* TASK INPUTS

____________

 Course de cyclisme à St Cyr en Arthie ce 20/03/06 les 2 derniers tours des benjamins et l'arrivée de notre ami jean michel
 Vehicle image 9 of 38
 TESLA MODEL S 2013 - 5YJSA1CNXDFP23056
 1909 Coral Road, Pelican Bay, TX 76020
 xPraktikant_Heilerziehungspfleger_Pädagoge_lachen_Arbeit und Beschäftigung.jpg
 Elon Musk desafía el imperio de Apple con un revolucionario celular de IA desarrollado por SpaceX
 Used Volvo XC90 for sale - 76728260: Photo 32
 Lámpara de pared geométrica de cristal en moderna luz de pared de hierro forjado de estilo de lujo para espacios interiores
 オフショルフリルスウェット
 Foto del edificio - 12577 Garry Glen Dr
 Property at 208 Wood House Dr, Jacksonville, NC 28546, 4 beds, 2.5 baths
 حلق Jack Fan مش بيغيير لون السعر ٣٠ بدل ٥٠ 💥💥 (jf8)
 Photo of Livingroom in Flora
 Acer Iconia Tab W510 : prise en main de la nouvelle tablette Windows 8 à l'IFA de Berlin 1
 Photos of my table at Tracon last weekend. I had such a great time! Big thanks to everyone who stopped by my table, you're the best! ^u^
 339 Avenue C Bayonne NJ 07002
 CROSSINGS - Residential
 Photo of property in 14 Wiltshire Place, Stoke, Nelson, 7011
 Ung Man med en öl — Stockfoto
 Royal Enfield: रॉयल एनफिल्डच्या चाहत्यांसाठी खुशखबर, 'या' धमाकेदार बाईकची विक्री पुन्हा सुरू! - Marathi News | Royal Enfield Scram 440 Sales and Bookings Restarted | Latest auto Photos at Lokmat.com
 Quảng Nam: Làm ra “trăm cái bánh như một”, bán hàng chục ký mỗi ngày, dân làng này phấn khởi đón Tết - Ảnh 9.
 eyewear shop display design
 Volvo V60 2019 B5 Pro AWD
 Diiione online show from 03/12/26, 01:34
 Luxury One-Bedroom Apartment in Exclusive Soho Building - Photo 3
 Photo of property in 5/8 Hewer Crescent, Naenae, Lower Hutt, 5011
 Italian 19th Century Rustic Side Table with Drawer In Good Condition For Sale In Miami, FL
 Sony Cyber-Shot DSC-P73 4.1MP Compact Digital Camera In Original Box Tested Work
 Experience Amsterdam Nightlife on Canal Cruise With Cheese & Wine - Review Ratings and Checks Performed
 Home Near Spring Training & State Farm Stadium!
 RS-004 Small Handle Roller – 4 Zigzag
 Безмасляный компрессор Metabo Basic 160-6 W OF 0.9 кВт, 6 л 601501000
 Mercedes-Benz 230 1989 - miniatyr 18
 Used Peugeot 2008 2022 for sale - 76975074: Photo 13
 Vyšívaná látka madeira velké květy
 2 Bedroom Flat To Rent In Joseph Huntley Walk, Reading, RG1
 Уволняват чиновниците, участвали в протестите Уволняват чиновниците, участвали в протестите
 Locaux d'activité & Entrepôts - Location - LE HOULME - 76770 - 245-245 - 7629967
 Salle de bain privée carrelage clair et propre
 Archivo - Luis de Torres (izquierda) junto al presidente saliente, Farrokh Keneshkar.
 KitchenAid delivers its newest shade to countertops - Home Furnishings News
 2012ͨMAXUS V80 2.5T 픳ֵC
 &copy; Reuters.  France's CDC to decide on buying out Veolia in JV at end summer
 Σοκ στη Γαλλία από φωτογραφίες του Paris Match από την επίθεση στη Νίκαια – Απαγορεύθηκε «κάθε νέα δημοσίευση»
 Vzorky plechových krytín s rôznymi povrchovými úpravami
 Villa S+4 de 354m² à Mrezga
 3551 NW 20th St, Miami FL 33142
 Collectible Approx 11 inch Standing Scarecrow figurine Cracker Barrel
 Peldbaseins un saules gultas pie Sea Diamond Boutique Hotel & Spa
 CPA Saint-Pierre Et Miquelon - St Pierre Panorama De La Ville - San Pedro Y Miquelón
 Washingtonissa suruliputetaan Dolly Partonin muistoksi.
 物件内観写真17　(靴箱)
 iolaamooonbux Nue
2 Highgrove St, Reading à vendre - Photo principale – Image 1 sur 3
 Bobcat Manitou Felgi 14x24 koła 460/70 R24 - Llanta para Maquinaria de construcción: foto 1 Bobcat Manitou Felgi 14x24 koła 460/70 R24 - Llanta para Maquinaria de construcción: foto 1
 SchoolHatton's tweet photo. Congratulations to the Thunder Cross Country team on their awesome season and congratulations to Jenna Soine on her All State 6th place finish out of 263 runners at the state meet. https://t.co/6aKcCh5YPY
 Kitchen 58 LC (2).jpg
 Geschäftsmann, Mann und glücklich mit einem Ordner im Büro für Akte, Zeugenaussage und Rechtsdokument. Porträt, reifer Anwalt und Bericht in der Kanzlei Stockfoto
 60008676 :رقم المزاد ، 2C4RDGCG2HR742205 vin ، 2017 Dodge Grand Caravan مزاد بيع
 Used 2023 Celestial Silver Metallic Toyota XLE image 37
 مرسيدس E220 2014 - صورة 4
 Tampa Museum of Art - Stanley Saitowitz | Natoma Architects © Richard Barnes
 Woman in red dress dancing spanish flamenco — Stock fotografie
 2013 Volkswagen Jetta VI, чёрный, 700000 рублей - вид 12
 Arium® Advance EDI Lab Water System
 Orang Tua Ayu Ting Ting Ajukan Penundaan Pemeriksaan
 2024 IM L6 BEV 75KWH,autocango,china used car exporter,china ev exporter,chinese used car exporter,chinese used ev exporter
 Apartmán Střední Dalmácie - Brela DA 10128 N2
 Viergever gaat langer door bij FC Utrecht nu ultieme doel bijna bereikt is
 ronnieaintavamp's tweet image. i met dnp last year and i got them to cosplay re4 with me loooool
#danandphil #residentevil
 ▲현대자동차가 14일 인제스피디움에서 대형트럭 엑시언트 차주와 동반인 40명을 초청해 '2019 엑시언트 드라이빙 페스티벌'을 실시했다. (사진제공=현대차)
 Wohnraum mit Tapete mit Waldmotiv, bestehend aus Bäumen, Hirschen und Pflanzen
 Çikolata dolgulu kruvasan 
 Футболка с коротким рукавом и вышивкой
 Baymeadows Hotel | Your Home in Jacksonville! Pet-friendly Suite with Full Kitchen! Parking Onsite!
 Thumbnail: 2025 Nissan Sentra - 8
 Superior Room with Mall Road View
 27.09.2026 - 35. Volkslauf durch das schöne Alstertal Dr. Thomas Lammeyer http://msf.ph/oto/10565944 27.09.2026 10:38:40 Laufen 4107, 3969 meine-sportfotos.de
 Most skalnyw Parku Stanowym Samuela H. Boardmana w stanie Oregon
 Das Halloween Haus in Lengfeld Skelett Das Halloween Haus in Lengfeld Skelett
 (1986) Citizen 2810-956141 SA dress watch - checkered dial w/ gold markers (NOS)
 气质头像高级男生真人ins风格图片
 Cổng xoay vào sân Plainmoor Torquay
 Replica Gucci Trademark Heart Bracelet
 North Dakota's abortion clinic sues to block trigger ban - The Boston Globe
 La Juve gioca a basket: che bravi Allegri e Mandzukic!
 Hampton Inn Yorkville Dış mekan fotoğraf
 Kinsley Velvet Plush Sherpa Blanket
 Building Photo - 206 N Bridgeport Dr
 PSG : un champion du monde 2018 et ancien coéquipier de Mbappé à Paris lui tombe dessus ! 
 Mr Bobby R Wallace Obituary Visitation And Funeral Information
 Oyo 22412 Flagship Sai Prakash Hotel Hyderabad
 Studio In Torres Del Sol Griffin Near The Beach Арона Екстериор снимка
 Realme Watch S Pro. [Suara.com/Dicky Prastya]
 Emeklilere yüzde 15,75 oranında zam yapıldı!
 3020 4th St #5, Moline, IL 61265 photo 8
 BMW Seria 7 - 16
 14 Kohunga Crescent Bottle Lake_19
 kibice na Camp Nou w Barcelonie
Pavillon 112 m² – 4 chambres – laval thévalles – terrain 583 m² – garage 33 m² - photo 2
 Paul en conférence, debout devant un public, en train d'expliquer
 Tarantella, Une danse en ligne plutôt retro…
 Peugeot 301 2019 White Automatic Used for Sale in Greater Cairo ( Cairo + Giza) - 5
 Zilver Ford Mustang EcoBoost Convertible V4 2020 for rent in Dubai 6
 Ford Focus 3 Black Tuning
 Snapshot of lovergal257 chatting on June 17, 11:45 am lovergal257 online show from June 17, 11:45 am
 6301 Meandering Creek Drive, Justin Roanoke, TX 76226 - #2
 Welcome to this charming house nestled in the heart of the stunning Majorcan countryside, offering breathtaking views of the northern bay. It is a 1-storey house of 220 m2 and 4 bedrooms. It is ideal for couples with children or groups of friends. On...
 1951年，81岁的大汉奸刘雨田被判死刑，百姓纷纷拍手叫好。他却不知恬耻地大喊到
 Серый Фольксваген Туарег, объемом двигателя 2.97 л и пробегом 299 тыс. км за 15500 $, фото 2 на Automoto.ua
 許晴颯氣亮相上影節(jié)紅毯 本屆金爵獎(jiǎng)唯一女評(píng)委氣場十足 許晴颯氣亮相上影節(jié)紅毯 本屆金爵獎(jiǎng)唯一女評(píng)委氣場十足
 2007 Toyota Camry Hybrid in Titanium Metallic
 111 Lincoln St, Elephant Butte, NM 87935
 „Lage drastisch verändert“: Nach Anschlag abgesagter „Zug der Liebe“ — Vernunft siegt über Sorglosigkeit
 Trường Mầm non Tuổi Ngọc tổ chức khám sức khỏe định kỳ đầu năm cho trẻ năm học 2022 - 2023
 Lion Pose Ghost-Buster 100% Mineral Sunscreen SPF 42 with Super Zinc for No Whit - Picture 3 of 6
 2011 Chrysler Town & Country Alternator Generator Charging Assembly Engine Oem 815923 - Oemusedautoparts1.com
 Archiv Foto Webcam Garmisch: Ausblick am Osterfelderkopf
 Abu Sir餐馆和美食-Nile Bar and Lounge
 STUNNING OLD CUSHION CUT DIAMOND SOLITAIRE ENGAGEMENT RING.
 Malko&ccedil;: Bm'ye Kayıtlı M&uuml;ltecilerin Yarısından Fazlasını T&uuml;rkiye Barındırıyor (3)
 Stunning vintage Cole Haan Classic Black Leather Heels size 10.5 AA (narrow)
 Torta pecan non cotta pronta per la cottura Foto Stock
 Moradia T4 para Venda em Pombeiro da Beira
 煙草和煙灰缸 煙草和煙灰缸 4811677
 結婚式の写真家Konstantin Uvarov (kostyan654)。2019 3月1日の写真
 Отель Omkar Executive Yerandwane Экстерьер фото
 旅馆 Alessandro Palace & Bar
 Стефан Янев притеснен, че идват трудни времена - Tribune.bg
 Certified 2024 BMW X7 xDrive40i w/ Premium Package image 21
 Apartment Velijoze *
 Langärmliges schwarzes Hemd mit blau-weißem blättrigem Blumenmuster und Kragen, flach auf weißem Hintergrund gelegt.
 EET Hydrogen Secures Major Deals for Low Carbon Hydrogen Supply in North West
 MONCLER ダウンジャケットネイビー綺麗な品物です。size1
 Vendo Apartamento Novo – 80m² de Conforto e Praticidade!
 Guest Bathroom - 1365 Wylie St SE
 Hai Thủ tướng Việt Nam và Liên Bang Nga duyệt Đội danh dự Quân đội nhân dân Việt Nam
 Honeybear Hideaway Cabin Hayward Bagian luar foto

____________

* EXERCISE
Beginning at the line with "Collectible Approx 11" and ending at the line with "2 Highgrove St, Reading", reproduce each line of the data above exactly, and add no other lines.

* COMPLETED TASK
 Collectible Approx 11 inch Standing Scarecrow figurine Cracker Barrel
 Peldbaseins un saules gultas pie Sea Diamond Boutique Hotel & Spa
 CPA Saint-Pierre Et Miquelon - St Pierre Panorama De La Ville - San Pedro Y Miquelón
 Washingtonissa suruliputetaan Dolly Partonin muistoksi.
 物件内観写真17　(靴箱)
 iolaamooonbux Nue
2 Highgrove St, Reading à vendre - Photo principale – Image 1 sur 3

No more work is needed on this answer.